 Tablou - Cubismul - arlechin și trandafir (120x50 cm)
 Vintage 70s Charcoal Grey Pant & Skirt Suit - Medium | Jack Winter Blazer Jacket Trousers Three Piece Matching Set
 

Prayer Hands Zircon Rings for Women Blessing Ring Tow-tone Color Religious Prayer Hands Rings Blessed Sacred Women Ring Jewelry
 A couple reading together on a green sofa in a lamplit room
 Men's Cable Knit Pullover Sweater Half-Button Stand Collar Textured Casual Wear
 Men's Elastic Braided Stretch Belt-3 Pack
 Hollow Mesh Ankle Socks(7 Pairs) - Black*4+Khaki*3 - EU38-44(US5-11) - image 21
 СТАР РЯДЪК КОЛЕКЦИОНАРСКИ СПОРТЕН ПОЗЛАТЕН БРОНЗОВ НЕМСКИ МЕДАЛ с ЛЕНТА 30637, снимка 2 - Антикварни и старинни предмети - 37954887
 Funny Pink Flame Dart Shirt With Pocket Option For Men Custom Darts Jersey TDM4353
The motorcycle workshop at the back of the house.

========================================

• **Exercise**:
Would you please restate all of the entries exactly?

• **Your solution**:
 Tablou - Cubismul - arlechin și trandafir (120x50 cm)
 Vintage 70s Charcoal Grey Pant & Skirt Suit - Medium | Jack Winter Blazer Jacket Trousers Three Piece Matching Set
 

Prayer Hands Zircon Rings for Women Blessing Ring Tow-tone Color Religious Prayer Hands Rings Blessed Sacred Women Ring Jewelry
 A couple reading together on a green sofa in a lamplit room
 Men's Cable Knit Pullover Sweater Half-Button Stand Collar Textured Casual Wear
 Men's Elastic Braided Stretch Belt-3 Pack
 Hollow Mesh Ankle Socks(7 Pairs) - Black*4+Khaki*3 - EU38-44(US5-11) - image 21
 СТАР РЯДЪК КОЛЕКЦИОНАРСКИ СПОРТЕН ПОЗЛАТЕН БРОНЗОВ НЕМСКИ МЕДАЛ с ЛЕНТА 30637, снимка 2 - Антикварни и старинни предмети - 37954887
 Funny Pink Flame Dart Shirt With Pocket Option For Men Custom Darts Jersey TDM4353
The motorcycle workshop at the back of the house.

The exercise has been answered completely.